DATA RECORDS:
■ ■ ■
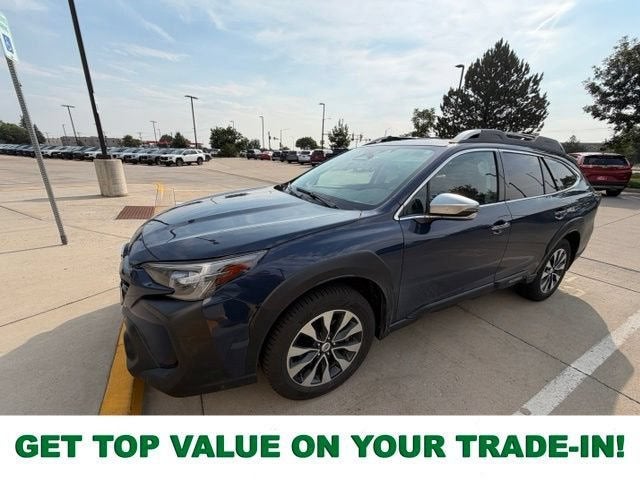 2023 Subaru Outback Touring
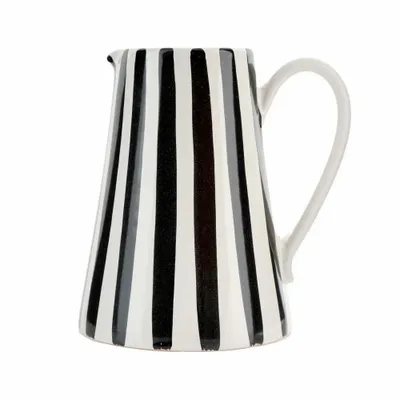 Carafes - Carafe Sophia noire 20 cm - BLU COSTIERA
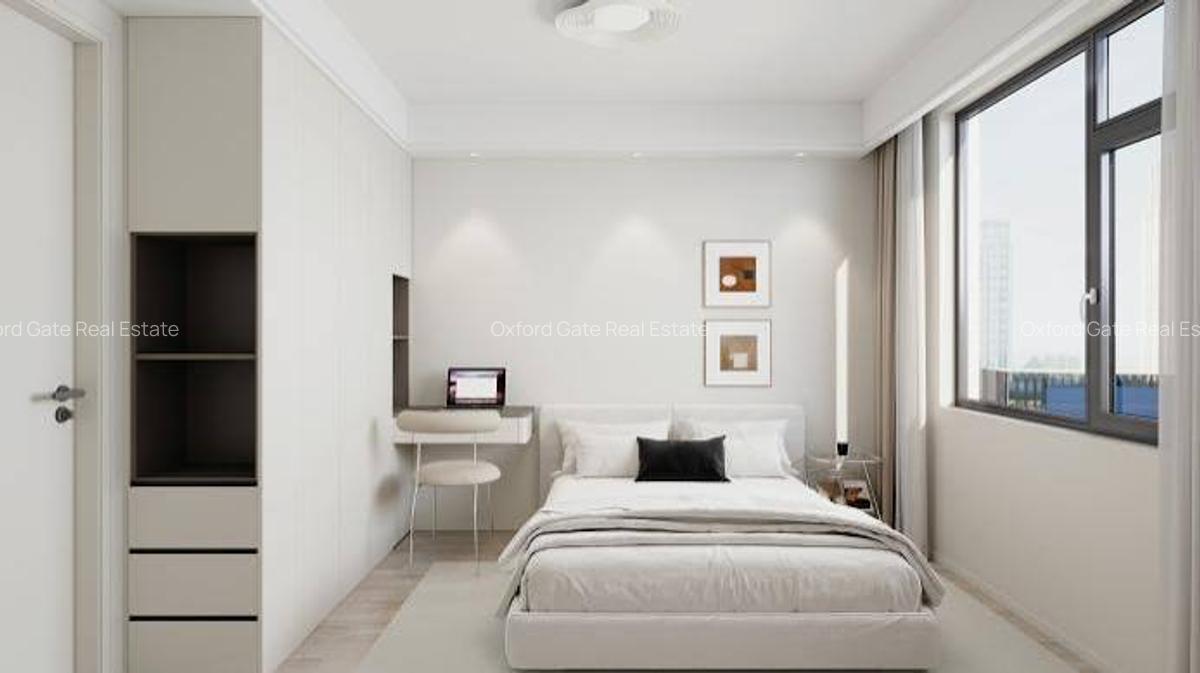 1 Bed Apartment with En Suite at Westlands Road - 10
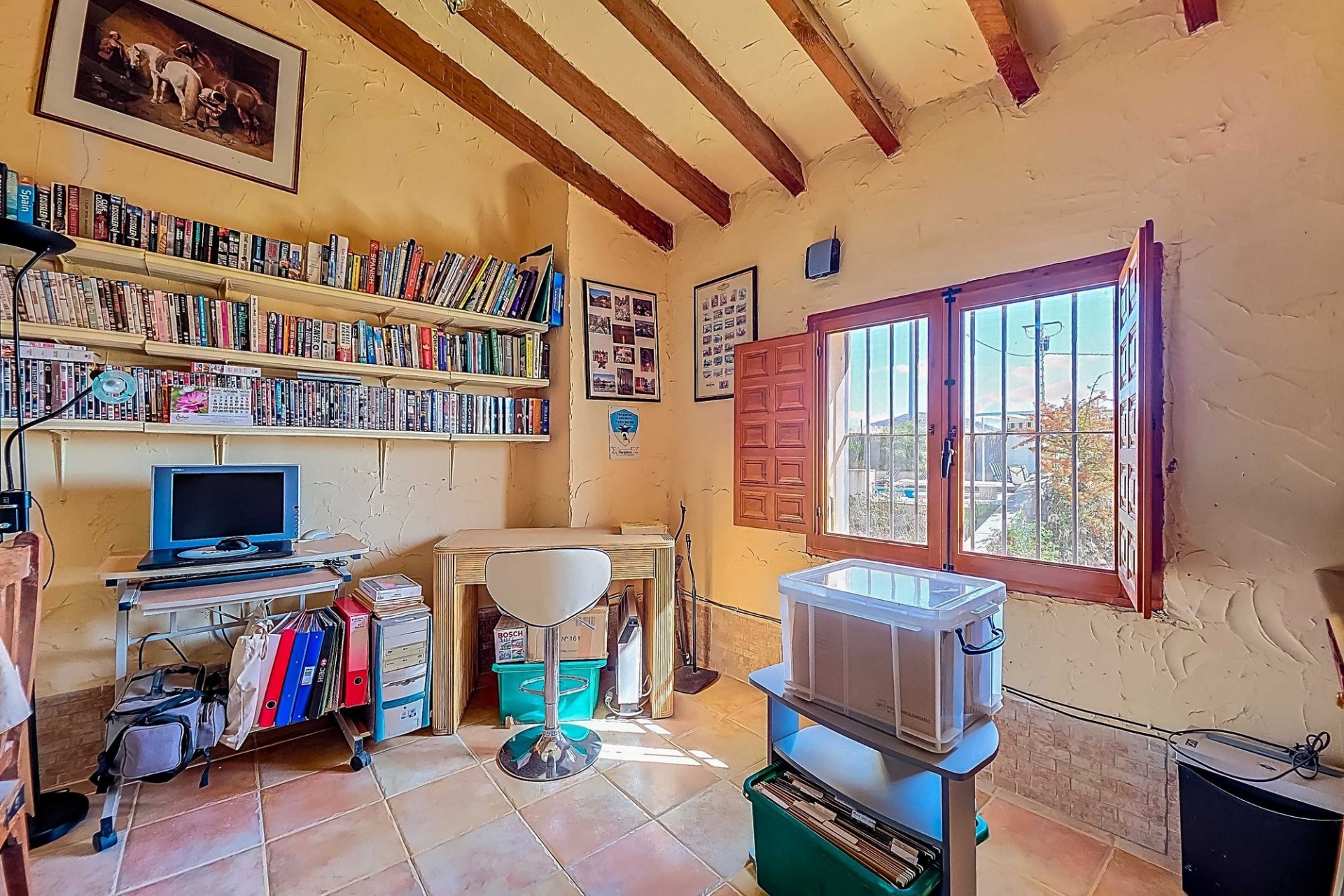 Herverkoop - Landhuis -
Torre Del Rico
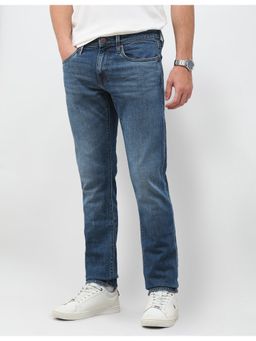U.S. Polo Assn. Denim Co. - Blue Brandon Slim Tapered Fit Jeans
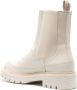 Calvin Klein Jeans Combat 45mm ankle boots White - Thumbnail 3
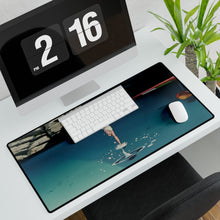 Load image into Gallery viewer, Anime Porco Rossor Mouse Pad (Desk Mat)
■ ■ ■
WHAT YOU ARE ASKED TO DO:
Please write out, word for word, only the lines from the one holding "Carafes - Carafe" through the end of the records above, with both end lines included and the pictures dropped.

SOLUTION FOR THIS PROBLEM:
 Carafes - Carafe Sophia noire 20 cm - BLU COSTIERA
 1 Bed Apartment with En Suite at Westlands Road - 10
 Herverkoop - Landhuis -
Torre Del Rico
U.S. Polo Assn. Denim Co. - Blue Brandon Slim Tapered Fit Jeans
 Calvin Klein Jeans Combat 45mm ankle boots White - Thumbnail 3
 Load image into Gallery viewer, Anime Porco Rossor Mouse Pad (Desk Mat)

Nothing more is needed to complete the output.